On 11 October, I had the privilege of visiting Lilian Baylis Technology School where I was able to observe young people taking part in our Upstanders drop down day. Not only did I get to witness our Upstanders resources in action, but I also got to witness the power of Facing History values in the classroom: young people having nuanced conversations about how the power of individual choices can shape history and how they can feel empowered to participate as community members and citizens and create a more just and compassionate world.
The day began with all participating year groups thinking about identity. I had some wonderful conversations with students as they created their identity charts about the factors that influence their identity. Understanding identity is critical for students’ own social, moral, and intellectual development. It also serves as a foundation for examining the choices made by individuals in the historical case studies that the students read and discuss during a jigsaw activity, later on in the day.
Session two is centred on an exploration of prejudice and discrimination and introduces students to the concept of being an Upstander and a bystander.
One Year 8 student said, “I didn’t have the word before this for what I was doing when I told others [in my year group] not to laugh at my friend. I was being an Upstander”.
Hearing this student use her experiences to explore her behaviour and actions, and then define herself as an Upstander in such a definite way, was one of the most heartening moments of the day.
Throughout the day, students were given the opportunity to practise their oracy skills through discussion and much of the discussion I observed was lively and thoughtful. It was clear that the students were keen to discuss issues that mattered to them and how they could contribute to these causes in a positive and constructive way.
As they moved into the latter part of the day, students began thinking about what it actually takes to become an Upstander,
One student in Year 7 pointed out: “I’m only in Year 7. I don’t think I’m an Upstander yet. But I know this is what I want to be.”
Listening to this young person realise that this was just the start of their Upstander journey reminded me of the power that education and educators have to transform lives and communities, especially if we invite young people to join the conversation.
Perhaps what will stay with me long after this visit is how much young people want to see a world that is free from bigotry and hate.
The drop down day materials are designed to encourage young people to think critically about the choices, risks and rewards that are involved when they are called upon to be Upstanders. The students were asked to respond to the question ‘What does being an Upstander mean?’

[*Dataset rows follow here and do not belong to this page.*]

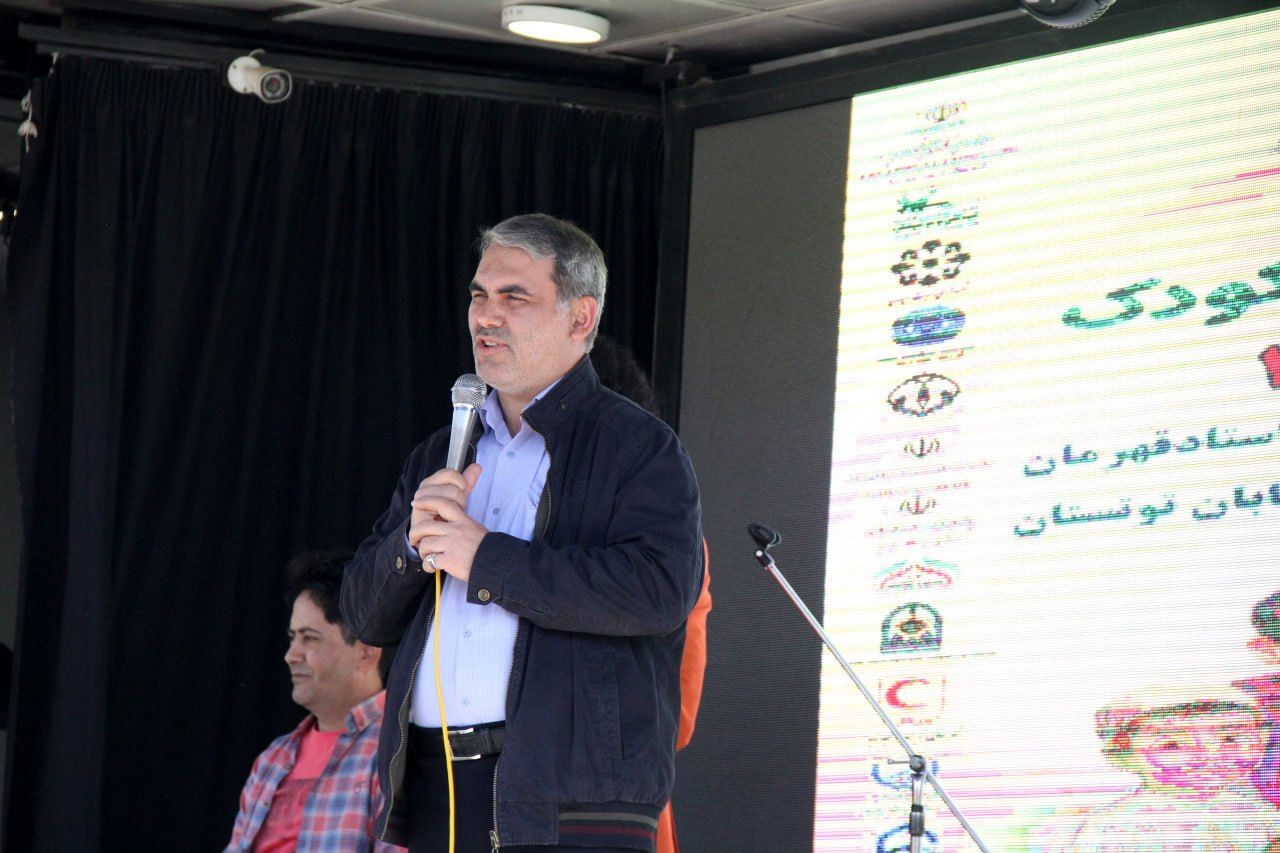 آینده ایران در گرو تربیت نسلی شاداب و با انگیزه است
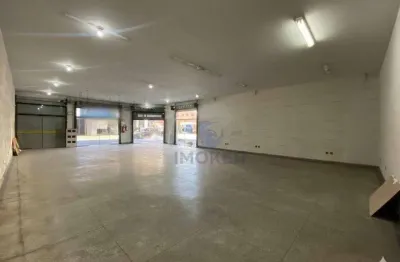 Salão comercial na glicério; centro, suzano/sp; 180 m²; fachada frontal de 10 m; pé direito de 3 m; esquina.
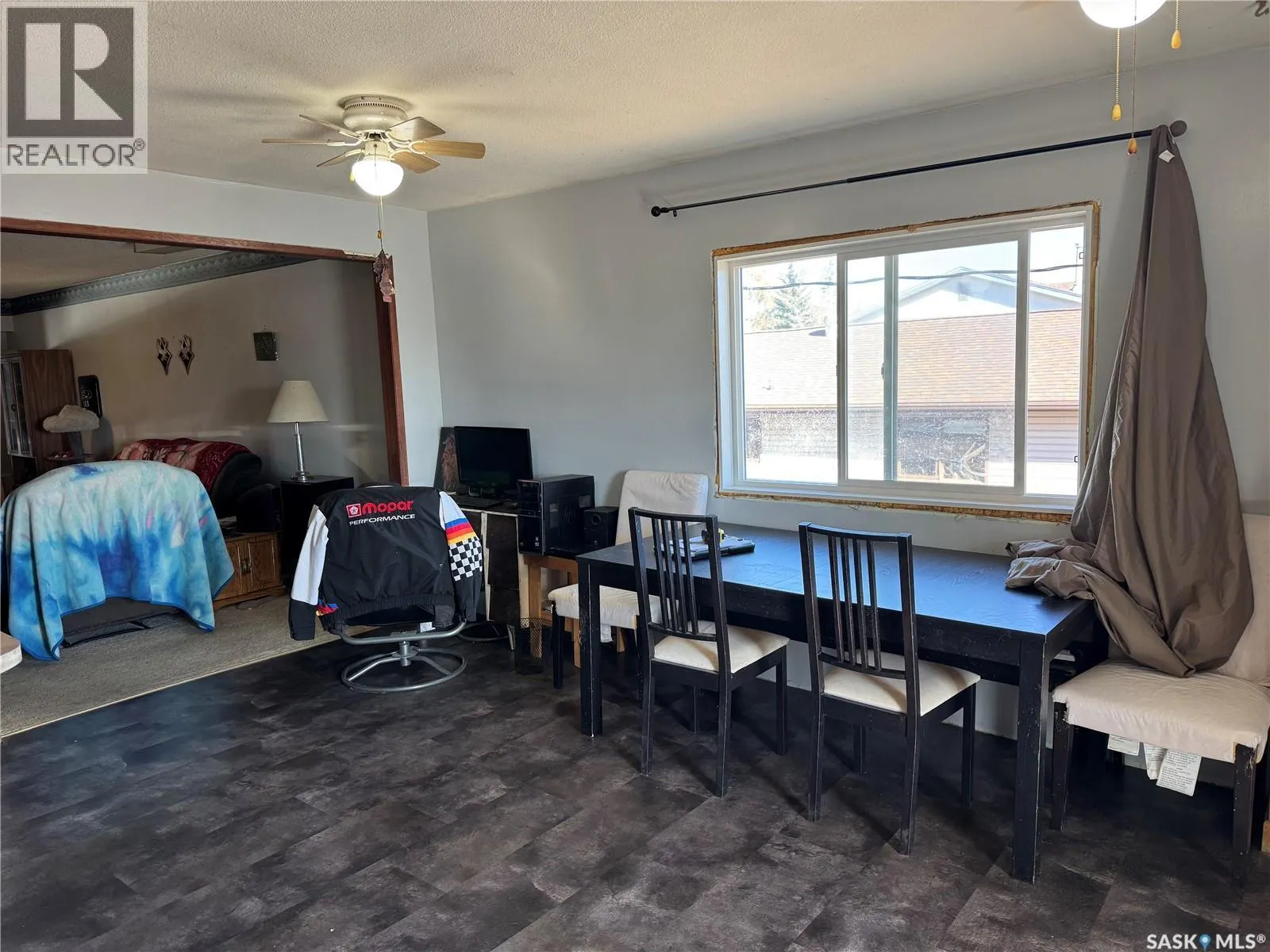 1215 ATHABASCA STREET W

Here is a selection of their passionate and thoughtful responses:
“Being an Upstander takes courage … and courage helps us do the right thing.”
“Being an Upstander is kindness.”
“I guess being an Upstander means seeing the best in everyone.”

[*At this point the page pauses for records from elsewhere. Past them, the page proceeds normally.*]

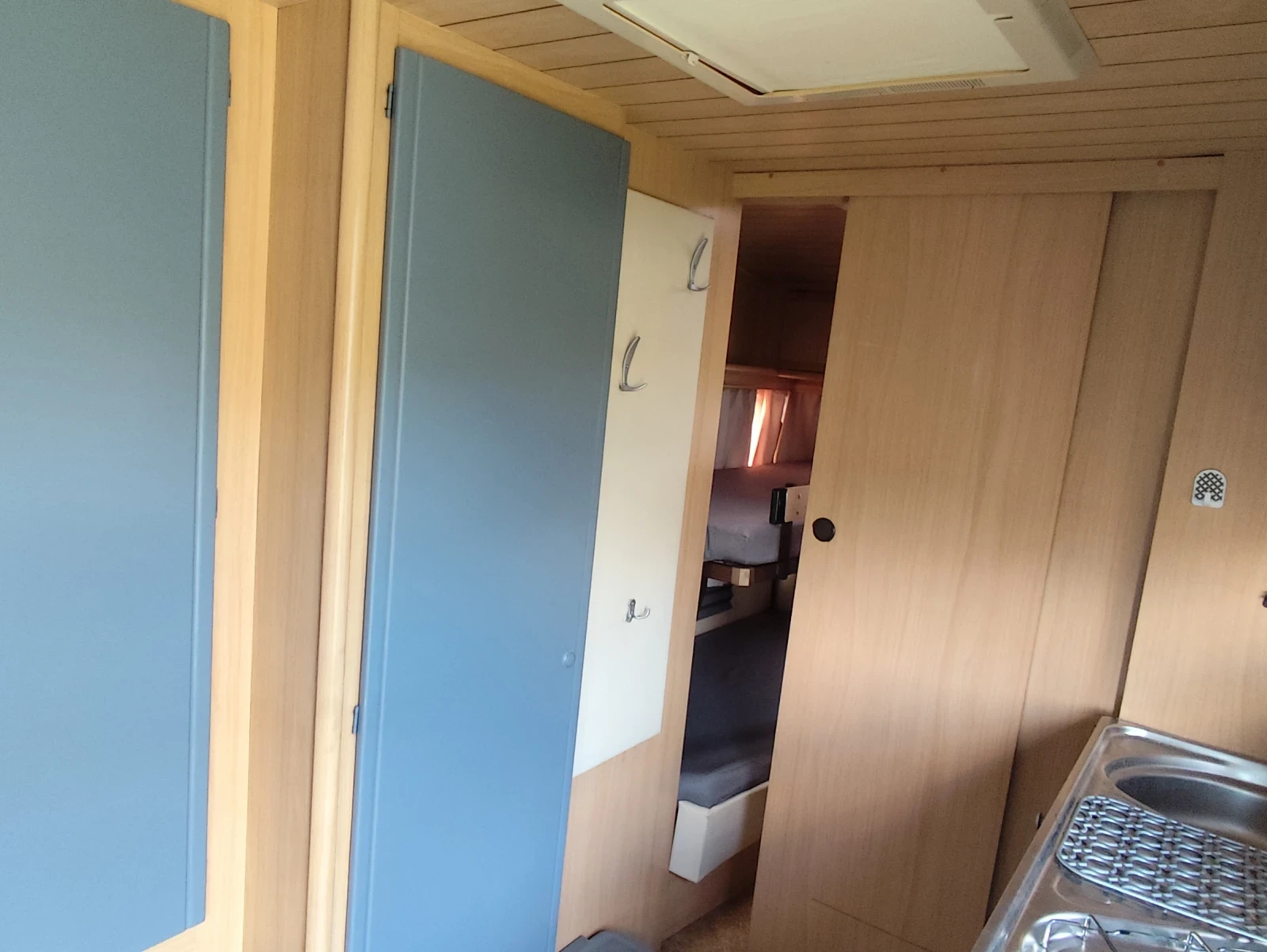 Каравана Dethleffs, снимка 8 - Каравани и кемпери - 53850168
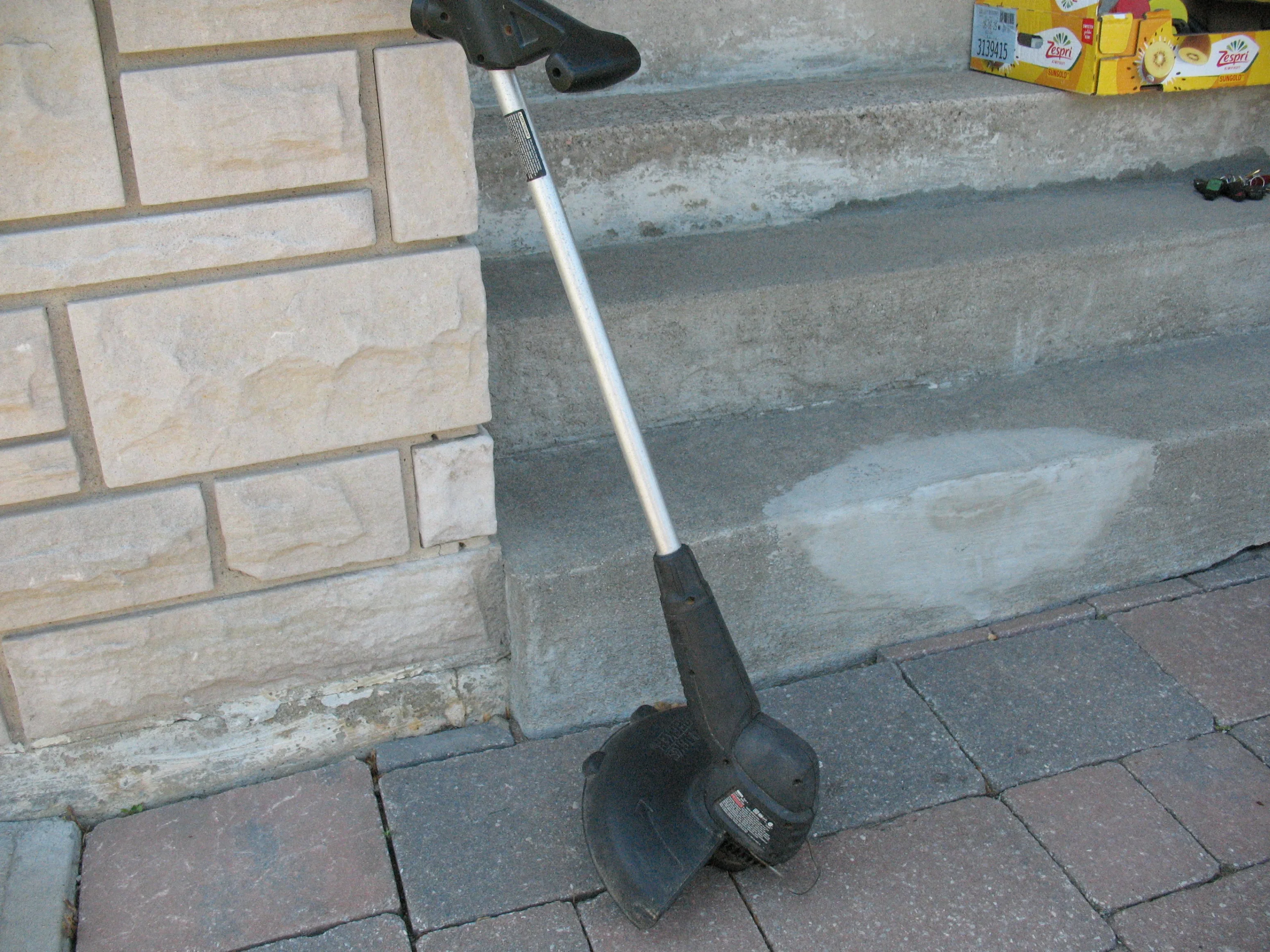 Black and Decker Corded Grass Trimmer image indicator(6)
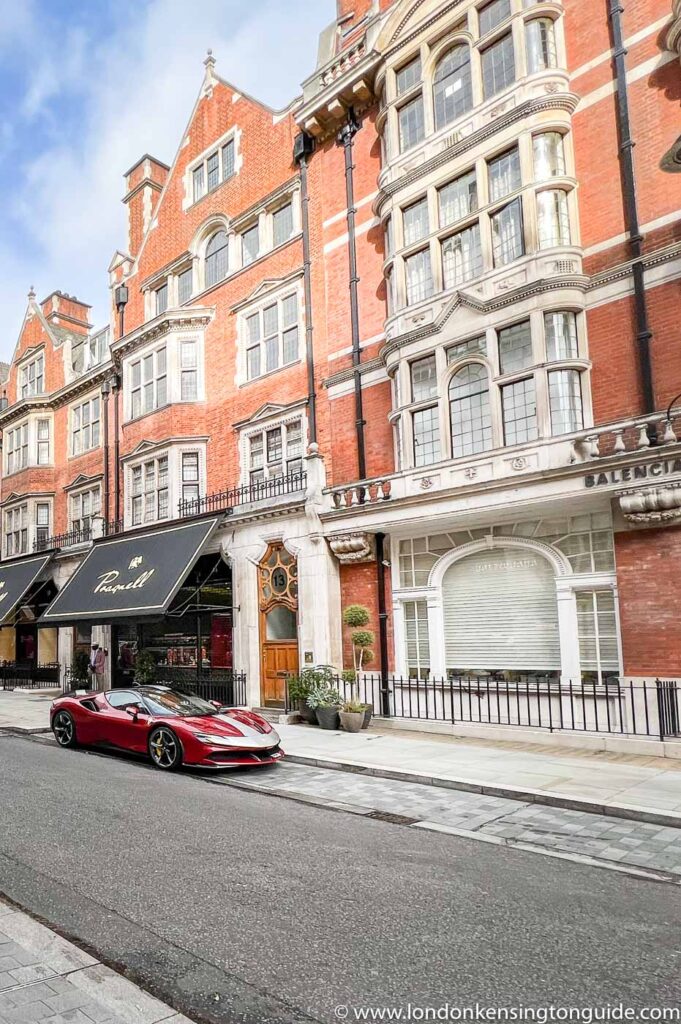 Guide to shopping in Mayfair. From London’s famous Oxford Street, Savile Row, New Bond Street. Including high street, couture and bespoke fashion. Everything you need to know about shopping in exclusive stores and boutiques in London’s Mayfair. Mount Street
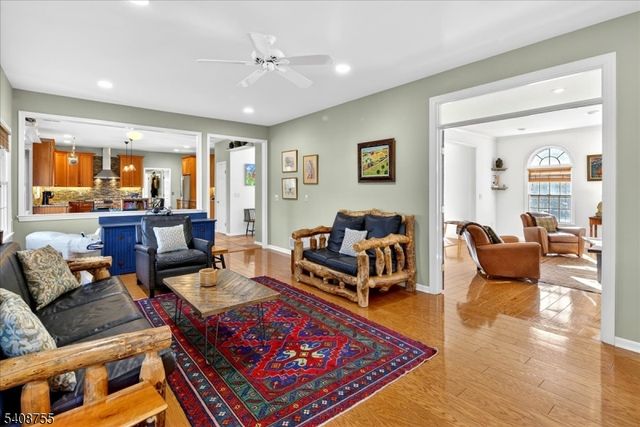 212 Monroe Ave, Montgomery Twp., NJ 08502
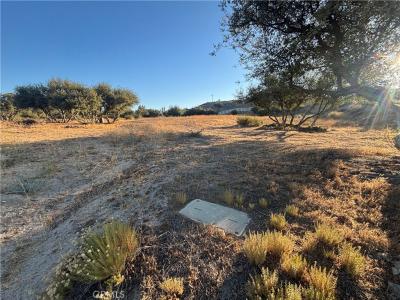 1 Coleridge Road, Oak Hills, Califórnia 92344, Estados Unidos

“I may not be an Upstander today but I hope I become one.”
The final sessions of the day focus on Choosing to Act, with students beginning to work on a presentation on a topic, theme or idea inspired by the aims of being an Upstander. I cannot wait to see, and be inspired myself, by the empathy and creativity of these students and their presentations!

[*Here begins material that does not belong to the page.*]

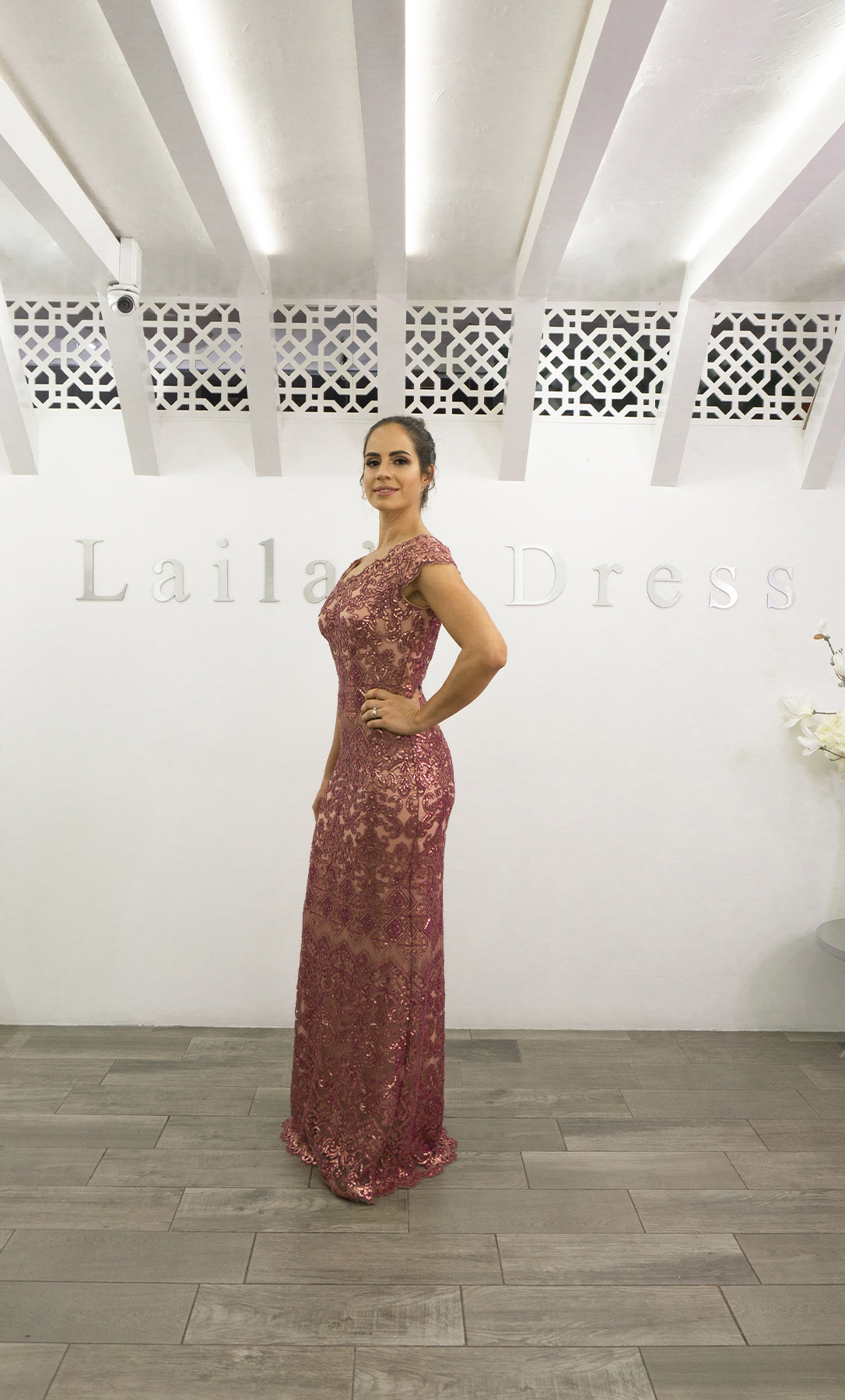 Vestido largo de tul bordado de lentejuelas
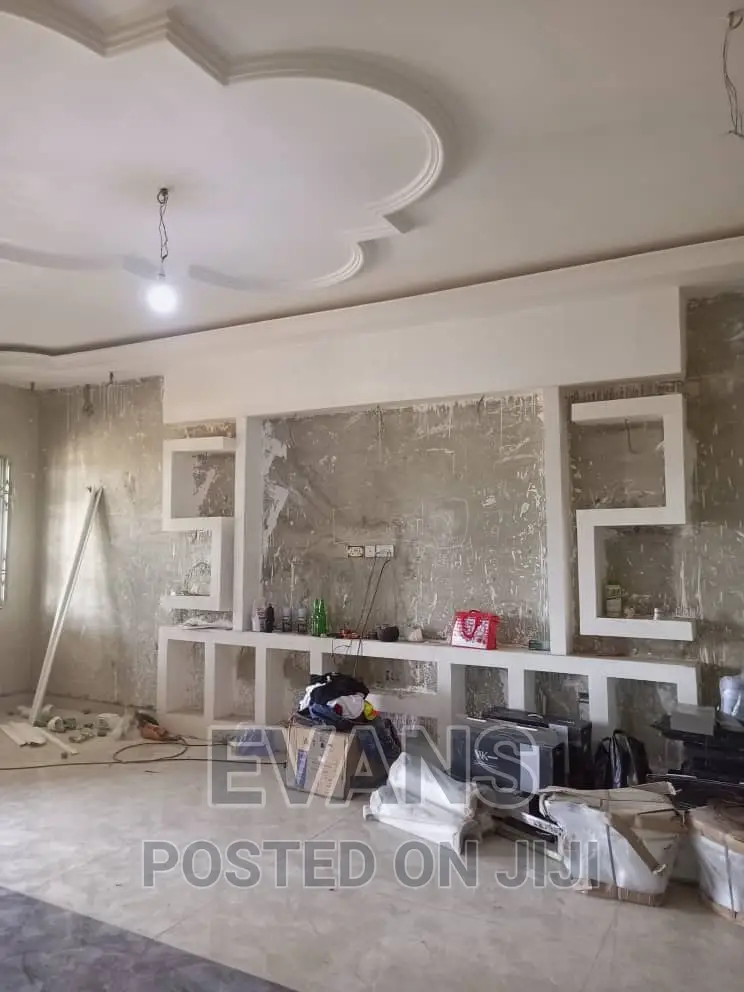 Expert in P.O.P, Skimming, Painting, Graphiato,Tv Designs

Schools are wonderful communities built on tolerance, empathy, inclusion and kindness. When students at Lilian Baylis Technology School began their Upstander journey during this drop down day, it was clear that they were tapping into these values.
I would like to extend my deepest gratitude to both the staff and students at Lilian Baylis Technology School for amplifying these values and encouraging young people to be the best possible versions of themselves.